⟨

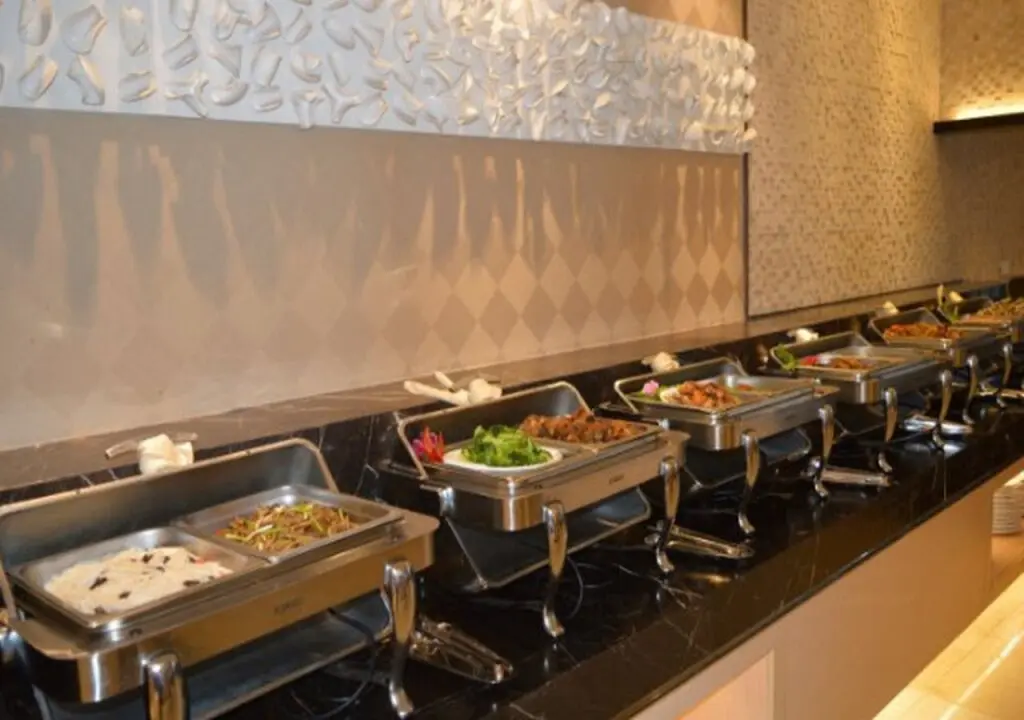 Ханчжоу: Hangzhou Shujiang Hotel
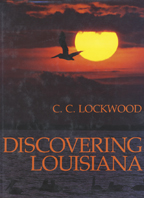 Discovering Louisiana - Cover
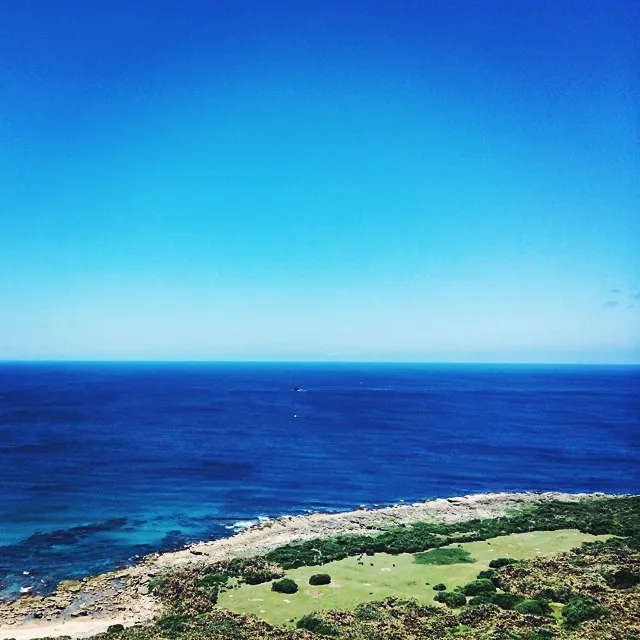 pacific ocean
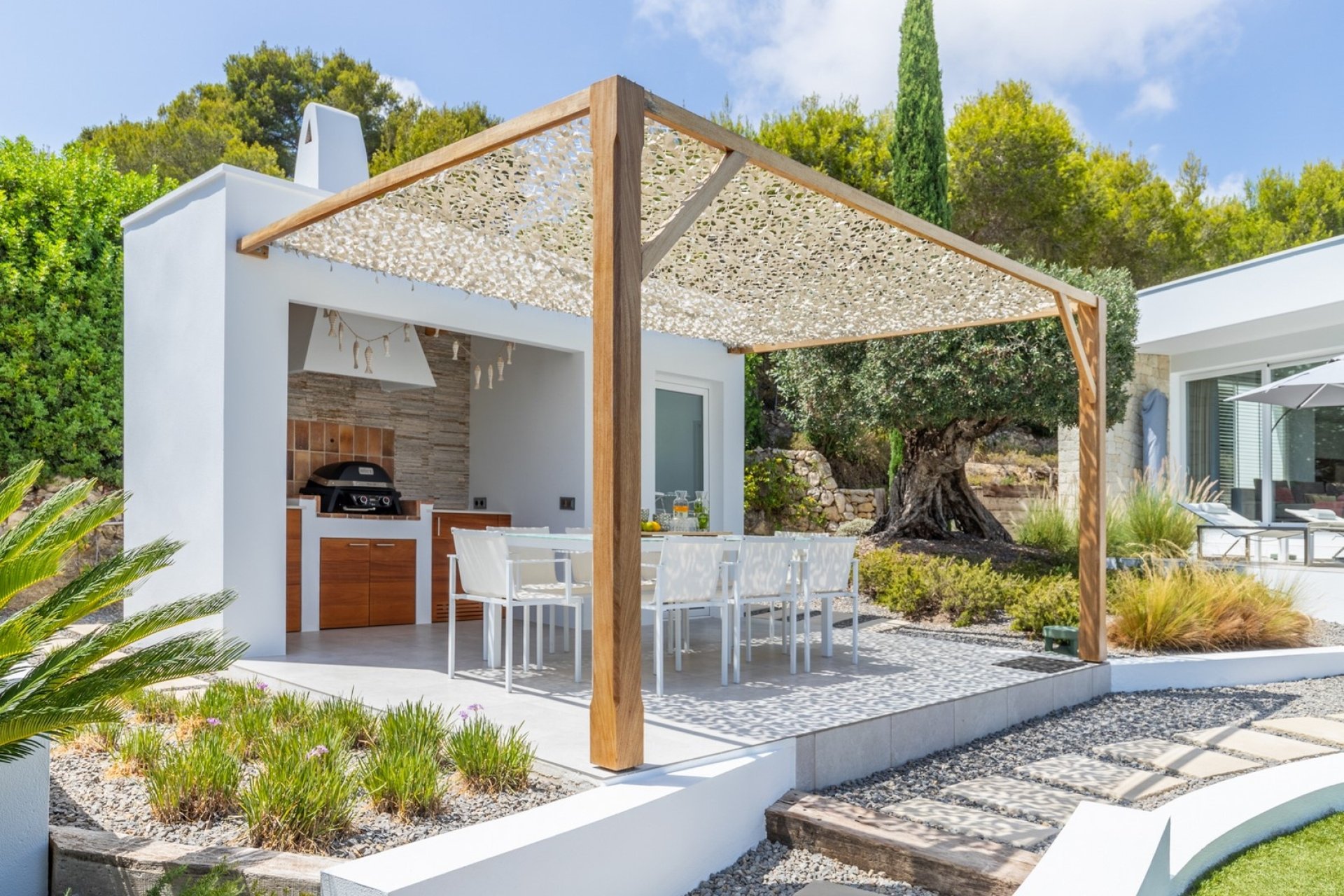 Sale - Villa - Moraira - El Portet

⟩
⟨

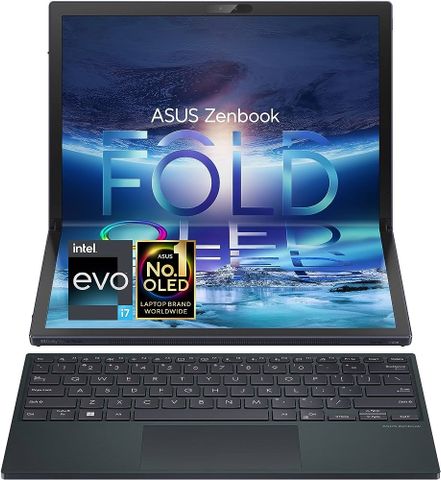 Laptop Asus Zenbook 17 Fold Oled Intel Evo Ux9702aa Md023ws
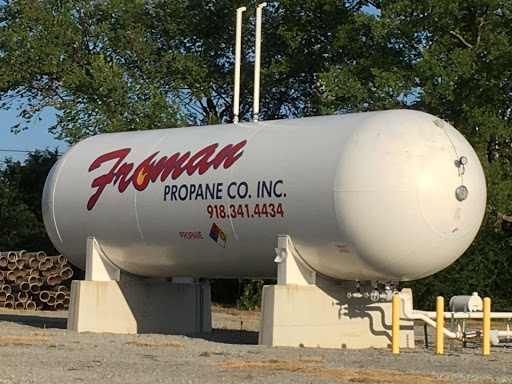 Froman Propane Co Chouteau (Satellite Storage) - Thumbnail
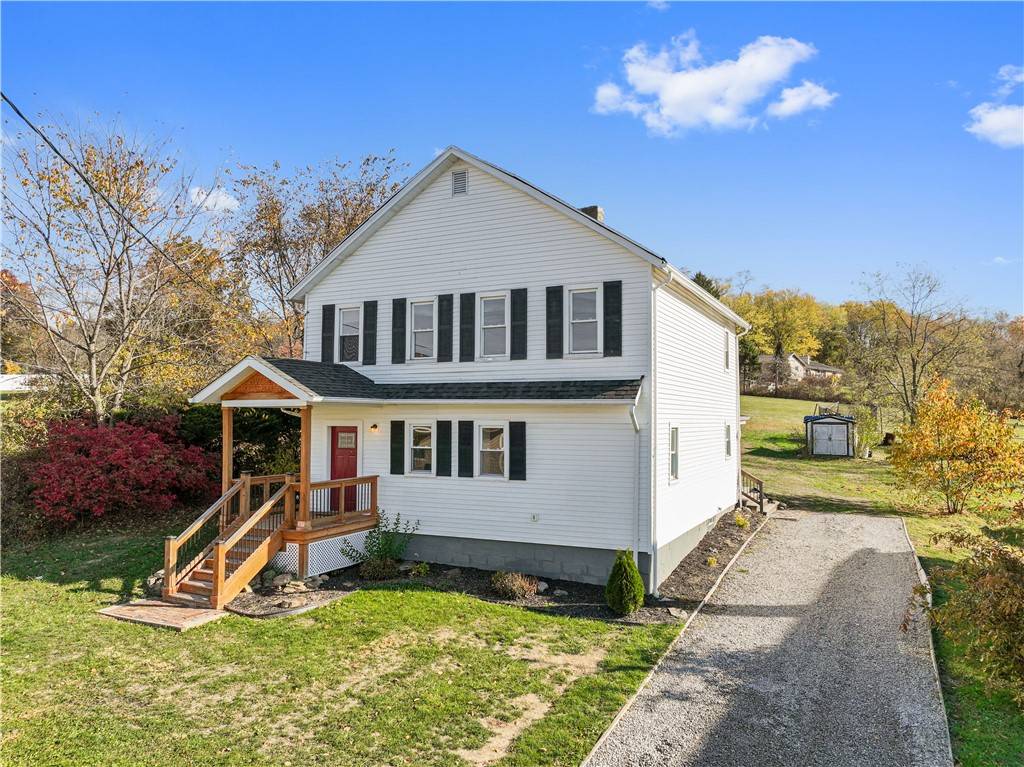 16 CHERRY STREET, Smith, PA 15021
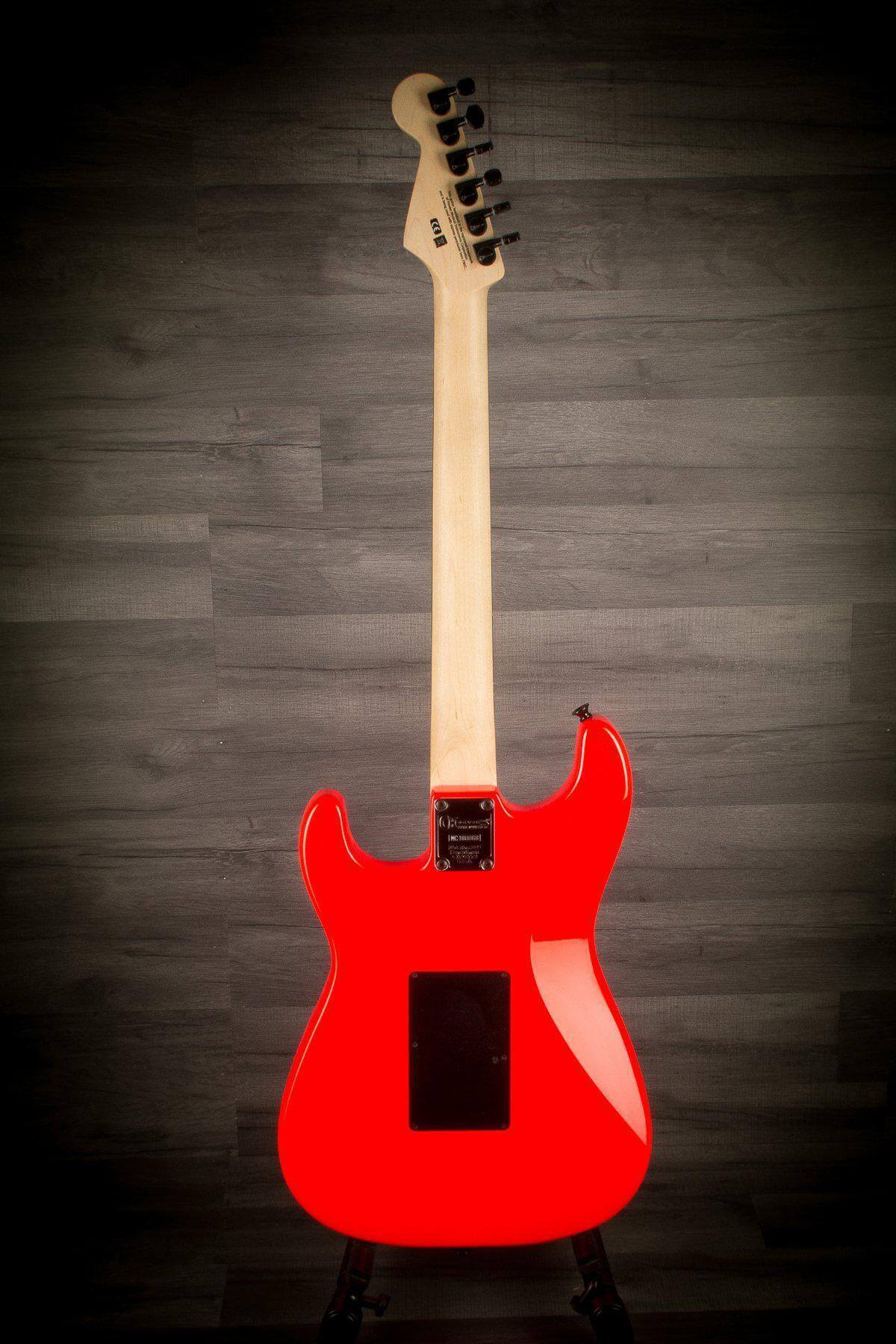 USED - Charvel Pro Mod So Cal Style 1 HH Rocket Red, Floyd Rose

⟩

*EXERCISE REQUIREMENTS*: Output exactly the lines above, beginning at the one with "Ханчжоу: Hangzhou Shujiang Hotel" and stopping after the one with "Sale - Villa - Moraira - El Portet". Pictures are to be omitted.

*EXERCISE ANSWER*:
 Ханчжоу: Hangzhou Shujiang Hotel
 Discovering Louisiana - Cover
 pacific ocean
 Sale - Villa - Moraira - El Portet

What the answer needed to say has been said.